This article is, in addition to an opinion editorial, an update on other articles.

Watching from the police department from Mills Lawn, the Meister affair feels like a drama playing out on a stage. However, the only actors are Chief Carlson and Sergeant Watson playing the roles of impartial law enforcers with Corporal Meister privy to the reality of the situation and the audience watching in horror.

I say horror, because at its core the police department is a violent institution. As cuddly and cute as the police can be, their authority derives from their guns. Were Meister a civilian, I believe he would have been shot “in self defense” long ago. Since he is a member of the police (for the moment), he can only be assaulted by opaque, biased disciplinary procedures.

I say opaque because the department stalled long enough to delete records of calls made on a government phone.

I say biased because Meister’s prosecution comes from an administration interested in its own survival.

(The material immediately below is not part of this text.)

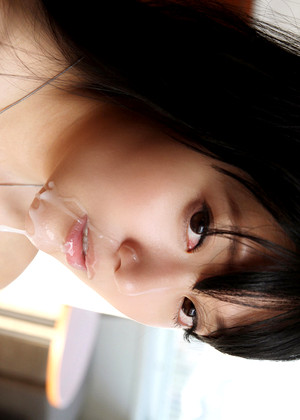 9 Mai Tamaki JapaneseBeauties av model nude pics #42 玉城マイ 無修正エロ画像 AV女優ギャラリー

An administration which I regard as confused and--to paraphrase a village council member--dysfunctional.

Ofc. Dave Meister

Professor of Political Science Bruce Bueno De Mesquita states that “Every type of politics could be addressed from the point of view of leaders trying to survive.”

I believe Dave Meister is being railroaded. He’s a competitor to Brian Carlson for Chief.

Meister lives in town.He’s been an officer for well over a decade starting in 2006 in Arlington Washington. He was a park ranger before that and also works as a EMT-Bin the village.

Contrast with Carlson who lives outside the village limits and went from being a part time officer who started in 2010 to full Police Chief.[1] Carlson’s work background is significantly less public service oriented.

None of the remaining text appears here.